At present, there is little reason to think that such experimentat-ion will lead to cures of disease. In any case, that point is irrelevant to the question about the moral status of the human embryo: Is it a person? If it is a person, then such experimentation, no matter how many cures it might lead to, is seriously morally wrong.
Modern science is quite clear on when human life begins. A new human individual life begins with fertilization, when the sperm and ovum fuse. Genetics has shown that the DNA, the entire genetic programme, for a human being,
is present from the beginning in the fertilized ovum. Thus a new individual human being exists from the time of fertilization.
Sadly, there is resistance to recognizing such human beings as persons with dignity and rights, and instead there is a desire to see them only as human tissue which may be experimented on and dumped when no longer needed. However, such an attitude was only to be expected once abortion had become widespread and accepted.
Cultural Collapse
The change in attitudes to abortion in the last fifty years is nothing less than a moral and cultural revolution - or perhaps ‘collapse’would better describe it.
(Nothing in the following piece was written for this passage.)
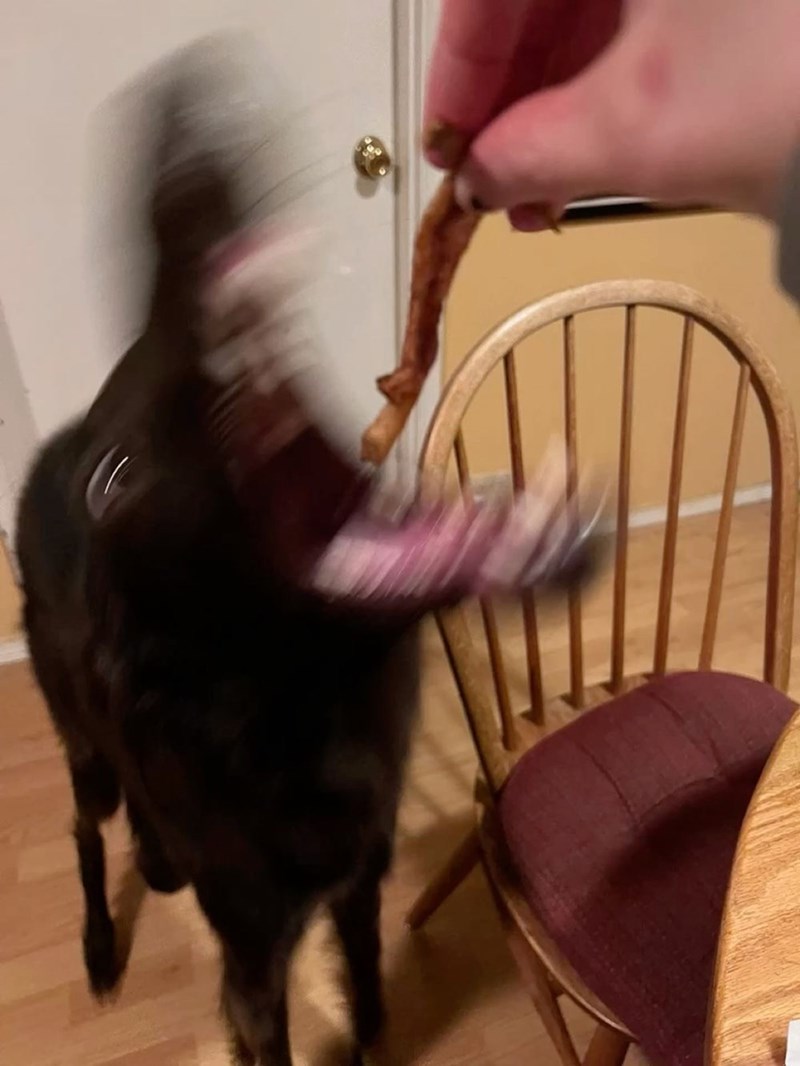 Cheezburger Image 10613182720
Abort-ions have occurred in all societies in history; an injustice perpetrated by the mother, doctor, and father. The degree of blame will vary with circumstances in the individual case.
What is new is the social acceptance and legalization of abortion on permissive grounds. This is a social injustice, for it amounts to that society stating that unborn children or embryos do not count as persons with rights. It is like slavery: it removes the humanity, dignity and status of the person from a class of human beings.
Such a social attitude, such a law, would be a great evil - even if a single abortion were not actually taking place. In the western world, we have moved from viewing abortion with abhorrence, through compassion, through acceptance, and finally to holding that it should be provided by law and protected as a legal ‘right’, and hence, in some way good.
The process of making abortion acceptable has involved society being half-persuaded to believe a great lie: that the early human being, the embryo in the first fourteen days or the foetus in the first months of pregnancy, is not ‘really’ a human being, at least not yet.
Drift into Darkness
As with anything diabolic (as that process surely is), it is accompanied by confusion: those who support abortion, whether enthusiastically or reluctantly, cannot agree among themselves as to when the unborn human being gets to qualify as a ‘person’ (i.e. with rights).
That in itself is a telling point, giving further evidence that the drift to acceptance of abortion is a drift into the darkness where there is only confusion, hopelessness and inhumanity. Some prominent, respectable figures in the USA and elsewhere even hold that the child doesn’t fully qualify as a person until a couple of years after birth. The Pope’s intention desperately needs prayers.